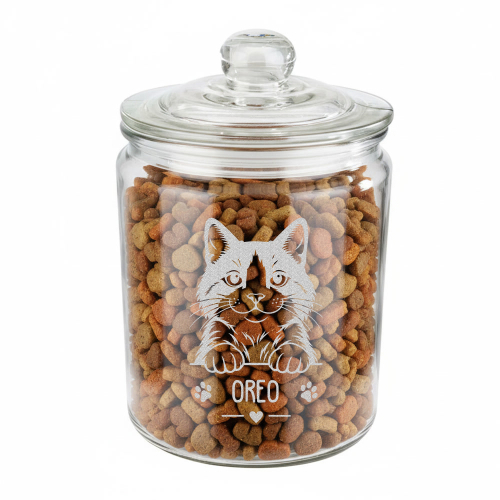 Bombonera para pienso grabada para gato Bombonera para pienso grabada para gato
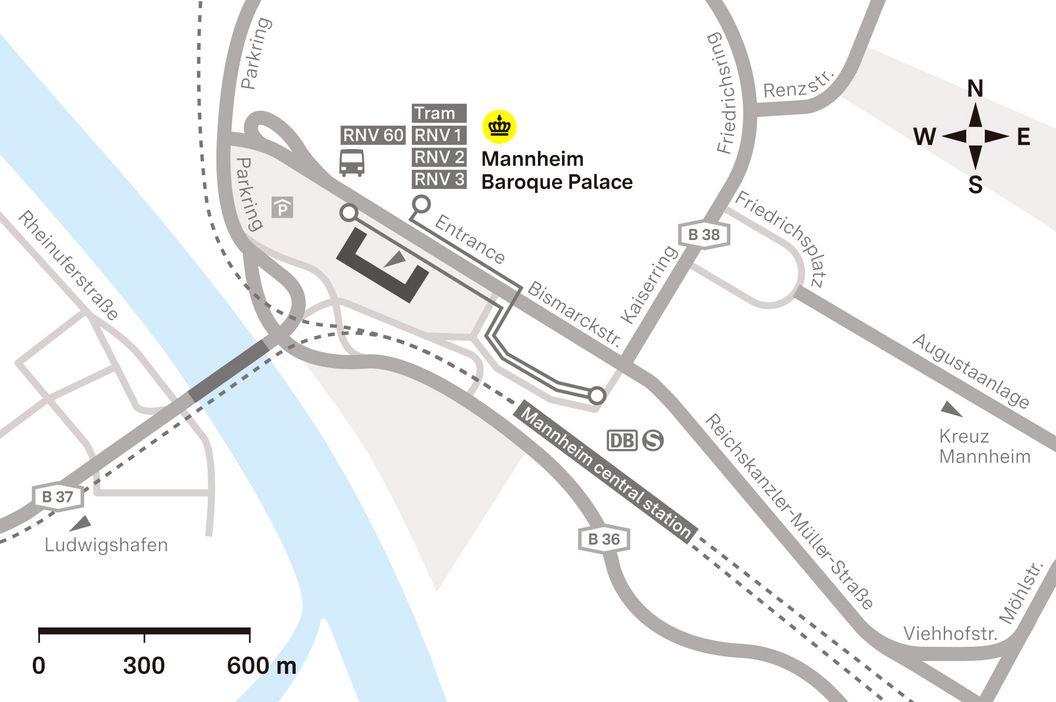How to find Mannheim Baroque Palace, illustration: Staatliche Schlösser und Gärten Baden-Württemberg, JUNG:Kommunikation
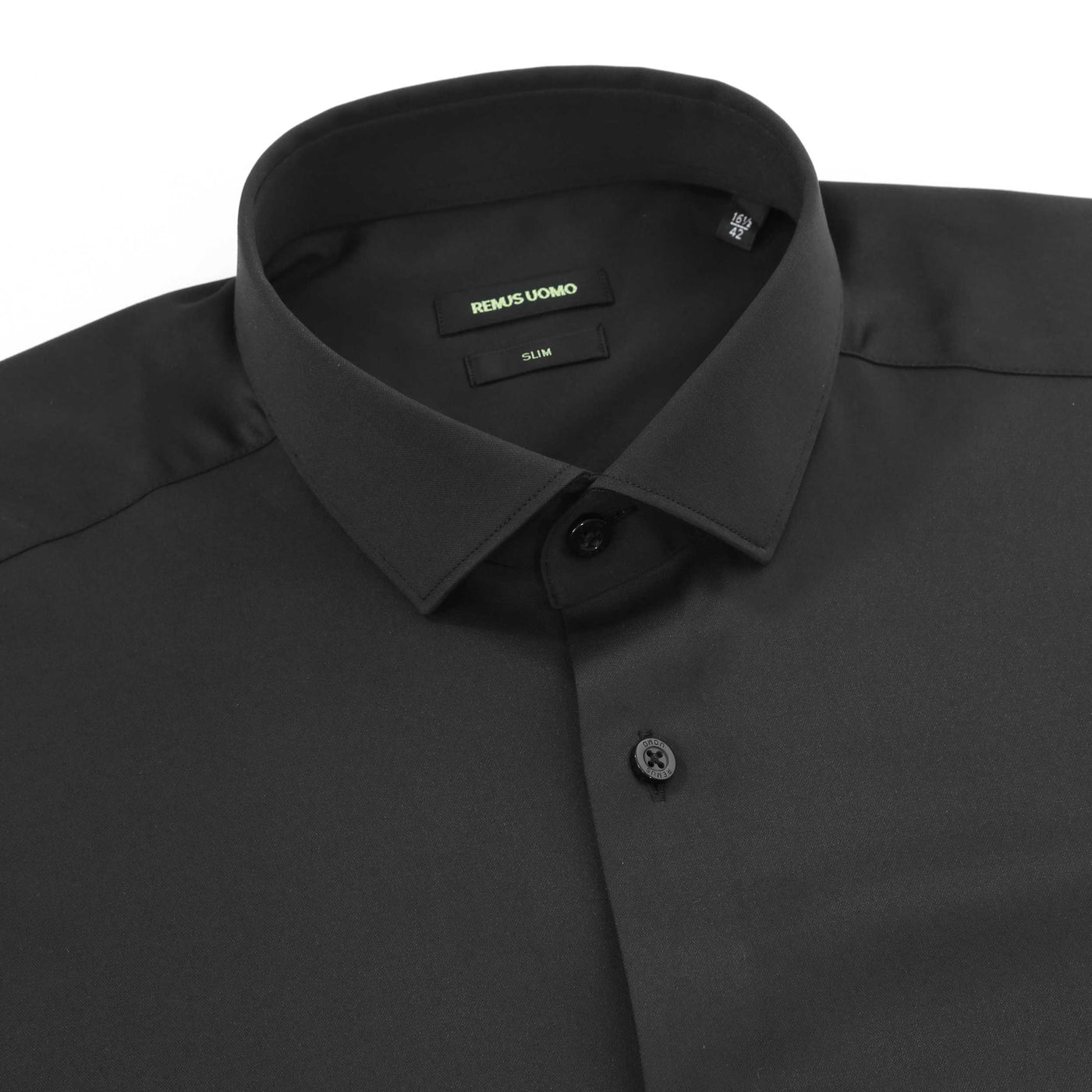 Remus Uomo Kirk Jersey Shirt in Black Collar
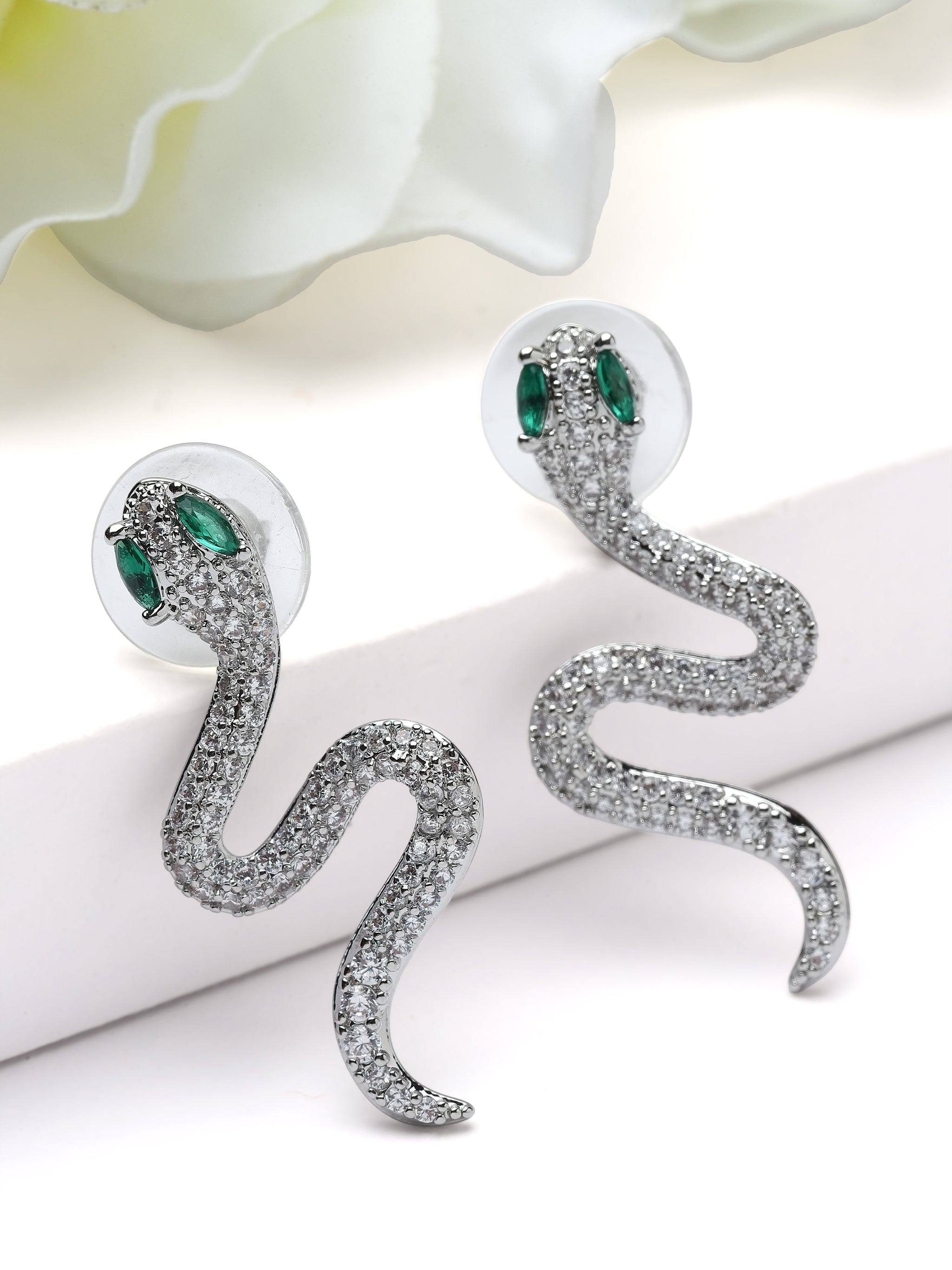 Pavé Serpent Drop Earrings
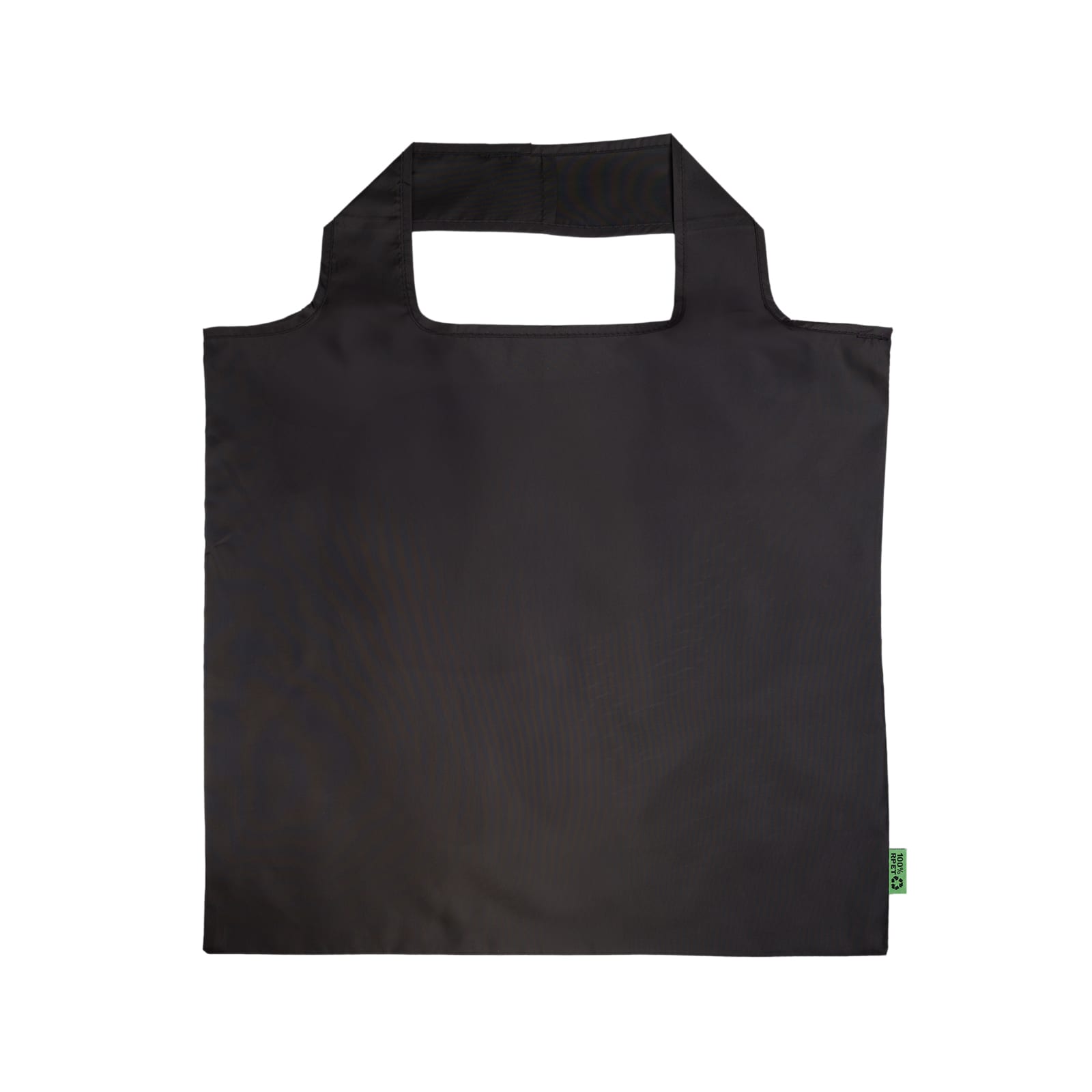 A white reusable grocery bag is held by a hand, featuring a logo on the side.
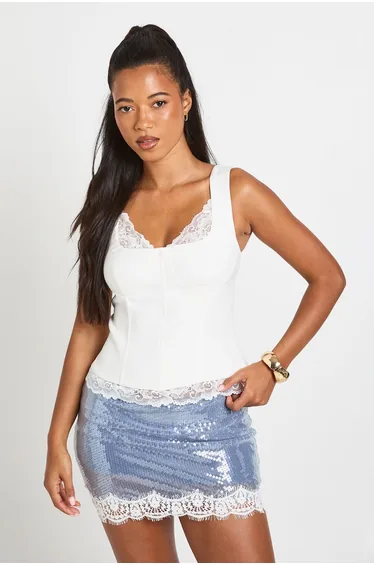 Lace Trim Sequin Mini Skirt - blue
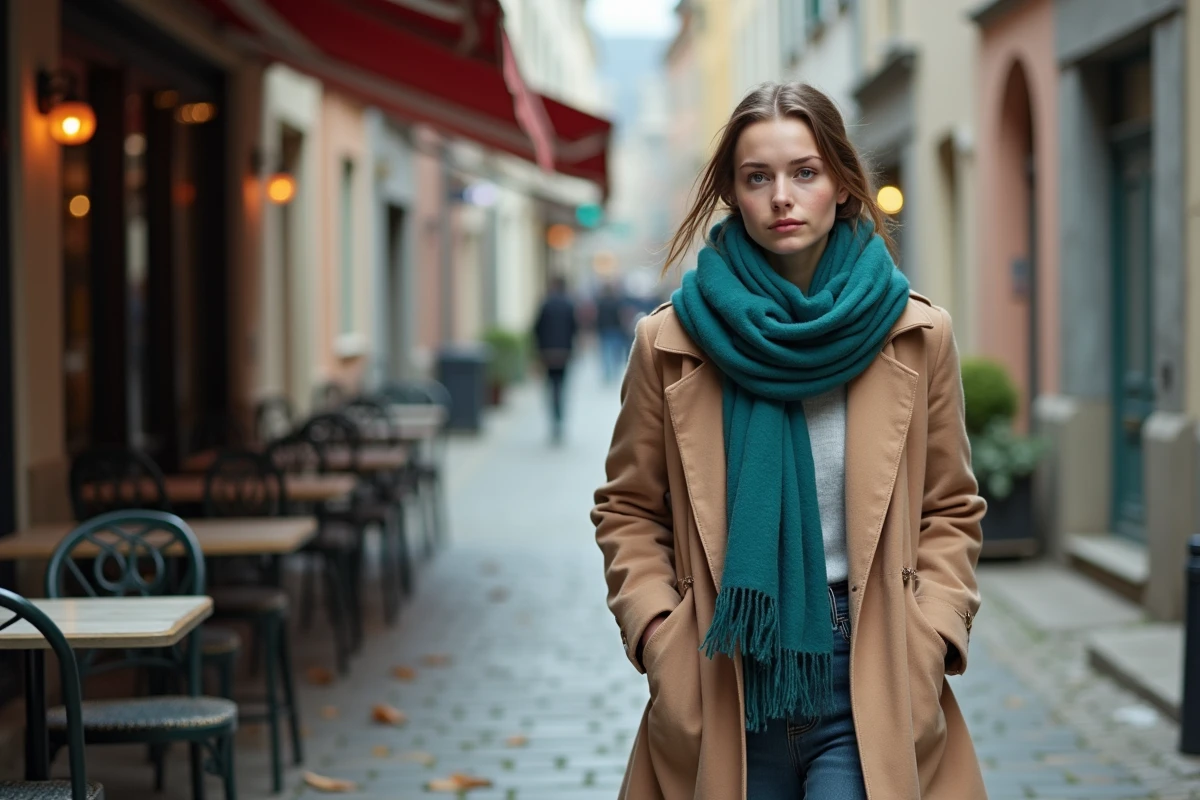 Jeune femme avec écharpe dans une rue piétonne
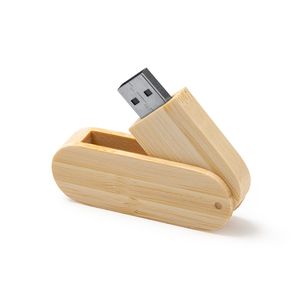 EgotierPro US4191 - GUDAR USB-geheugenstick met hoofdstructuur in natuurlijk bamboe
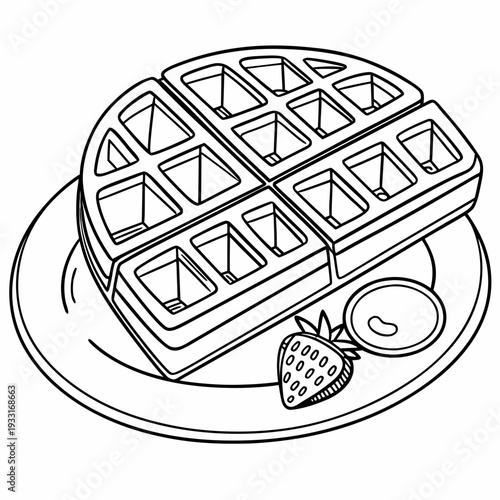Delicious waffles on a plate with strawberry and butter served for a tasty breakfast meal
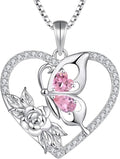 YL Women's Butterfly Necklace 925 Sterling Silver Flower Rose Pendant Birthstone Halo Jewelry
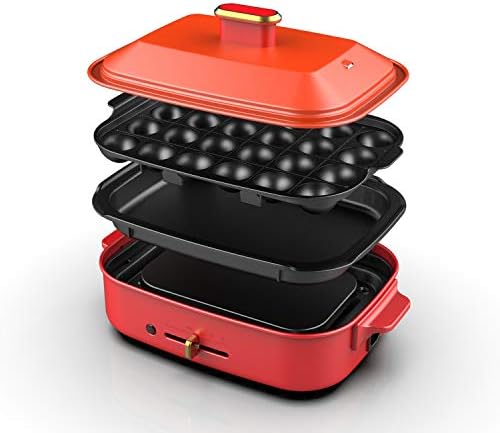 Keecoon ホットプレート 多機能 焼肉 2枚セット たこ焼きプレート 平面プレート 着脱式グリル鍋 無煙 エッジが広く 木べらはいらない Ptfeコーティング テーブル式均一加熱 洗いやすい おすすめ おしゃれ これ1台 一台 蓋 ふた付き 10w無段階温度調節 ひとり暮らし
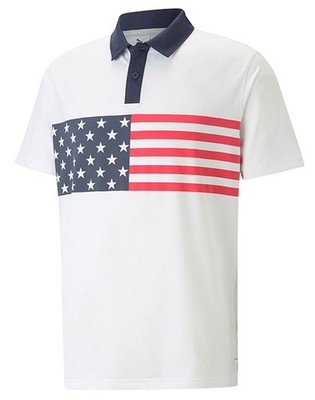 New Puma Golf Volition Stars & Bars Polo Bright White-Navy Blazer 2Xl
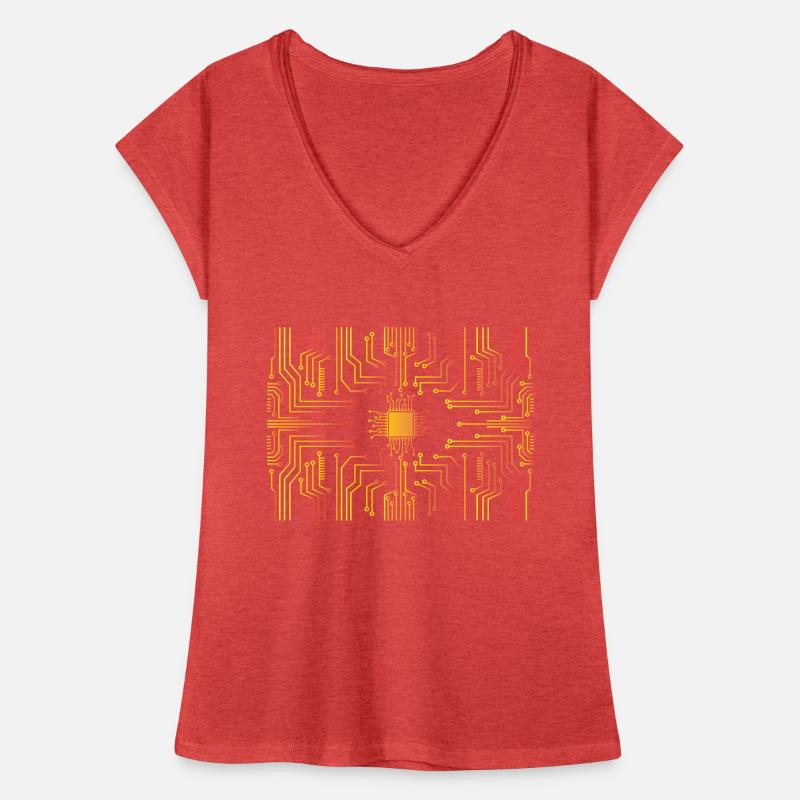 Circuit board core CPU heart pc coder geek Women's Vintage T-Shirt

--------

- PROBLEM -
All that is required is an exact reproduction of the lines from the one containing "New Puma Golf" to the final line of the listing above, pictures omitted.

- SOLUTION BELOW -
 New Puma Golf Volition Stars & Bars Polo Bright White-Navy Blazer 2Xl
 Circuit board core CPU heart pc coder geek Women's Vintage T-Shirt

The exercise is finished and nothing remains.